As people around the world prepare for the 42nd annual Earth Day this Sunday, we look back at some of the recent research from RAND's Environment, Energy, and Economic Development program.
RAND analyzes the effects of existing and proposed energy policies on the environment to help lawmakers put policy proposals in context.
From researching better methods of promoting energy-efficient buildings to identifying ways that the military can reduce energy consumption, RAND constantly seeks to balance the need for economic development and environmental protections.
Some recent RAND reports exploring issues related to energy and environment include:
Energy Services Analysis: An Alternative Approach for Identifying Opportunities to Reduce Emissions of Greenhouse Gases 2012
This report uses energy services analysis (ESA) to examine possibilities for changing how a service is delivered. ESA is used to analyze how changes in two services -- news delivery and personal mobility -- might reduce their greenhouse-gas emissions.
Making the Connection: Beneficial Collaboration Between Army Installations and Energy Utility Companies 2011
Explores how the Army can improve collaboration with utility companies to reduce energy consumption on its installations and help meet other Army energy goals.
Examines alternative fuels that are candidates for military applications, focusing on economic viability, greenhouse gas emissions, military utility, and current alternative fuel development and testing efforts within the Department of Defense.
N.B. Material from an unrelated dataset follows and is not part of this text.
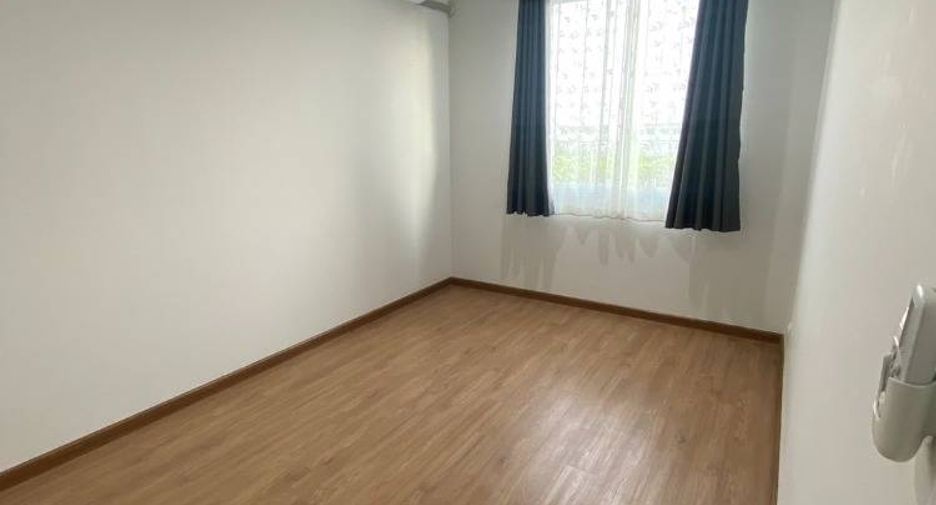 For sale 3 bedrooms townhouse in Bang Khae, Bangkok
A review of recent European and Australian experience in the design and implementation of policies to improve energy efficiency of buildings and insights to aid U.S. designers of analogous policies.
The Economic Costs of Reducing Greenhouse Gas Emissions Under a U.S. National Renewable Electricity Mandate 2010
The authors perform a technical and economic assessment and estimate the economic costs and net GHG reductions from U.S renewable electricity mandates. GHG emissions reductions from such policies could be as much as 670 million metric tons per year. Depending on technological development, economic costs are $13-$45 billion per year. Lower costs depend on favorable technological progress.